Exercise description: Would you reproduce every record exactly, leaving out the pictures?

Given data:
=== Section Start ===

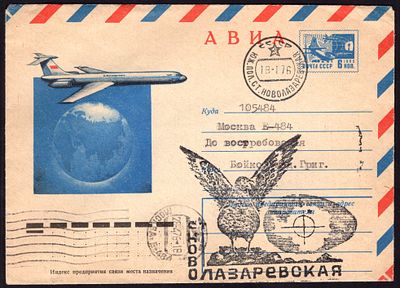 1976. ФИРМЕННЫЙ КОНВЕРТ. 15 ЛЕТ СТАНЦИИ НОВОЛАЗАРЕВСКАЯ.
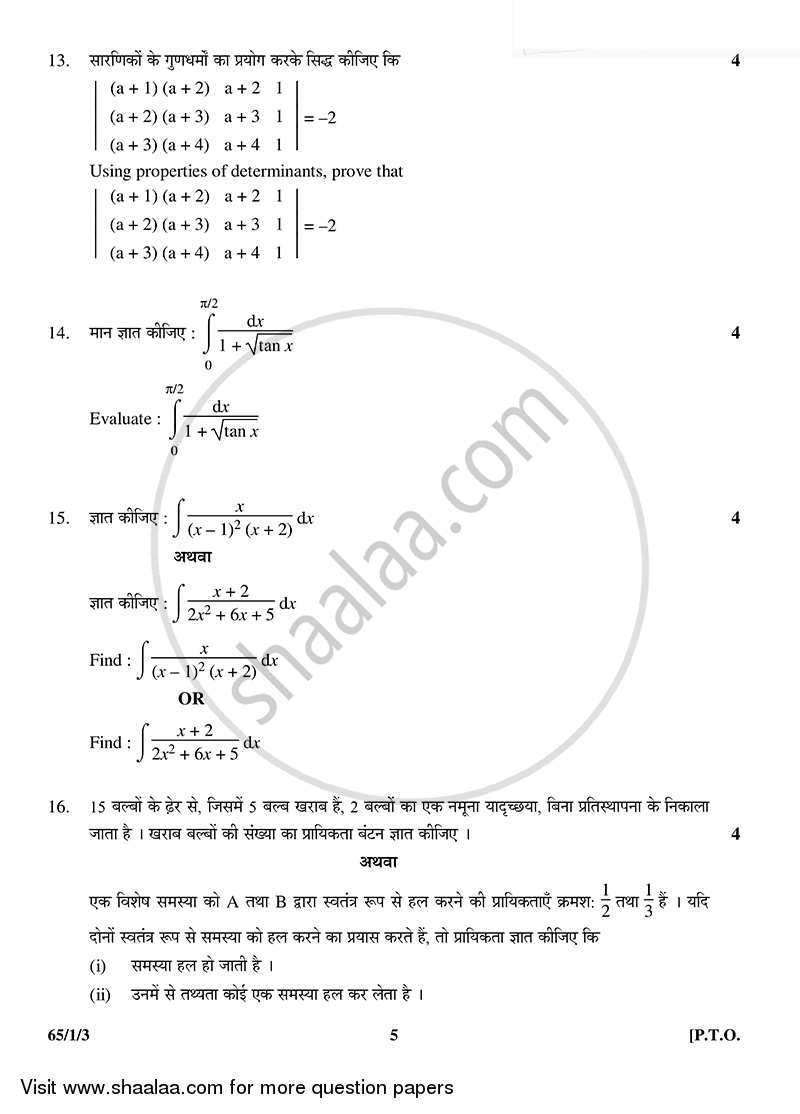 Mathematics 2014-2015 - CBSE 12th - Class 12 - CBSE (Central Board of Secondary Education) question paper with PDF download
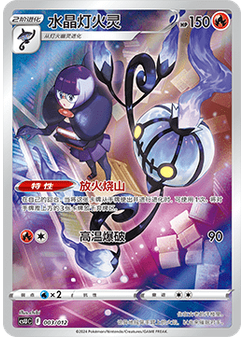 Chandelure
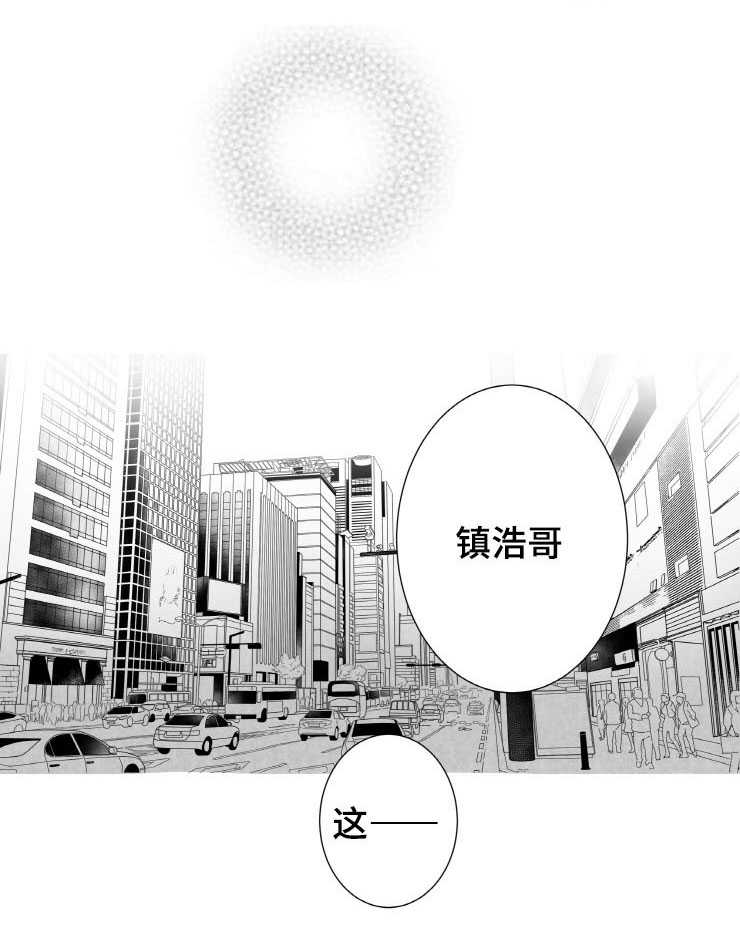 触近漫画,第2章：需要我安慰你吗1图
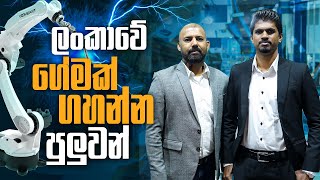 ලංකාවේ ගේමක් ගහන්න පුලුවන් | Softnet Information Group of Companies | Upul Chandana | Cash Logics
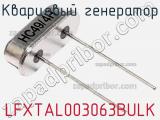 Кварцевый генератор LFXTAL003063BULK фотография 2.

=== Section End ===

Task output:
 1976. ФИРМЕННЫЙ КОНВЕРТ. 15 ЛЕТ СТАНЦИИ НОВОЛАЗАРЕВСКАЯ.
 Mathematics 2014-2015 - CBSE 12th - Class 12 - CBSE (Central Board of Secondary Education) question paper with PDF download
 Chandelure
 触近漫画,第2章：需要我安慰你吗1图
 ලංකාවේ ගේමක් ගහන්න පුලුවන් | Softnet Information Group of Companies | Upul Chandana | Cash Logics
 Кварцевый генератор LFXTAL003063BULK фотография 2.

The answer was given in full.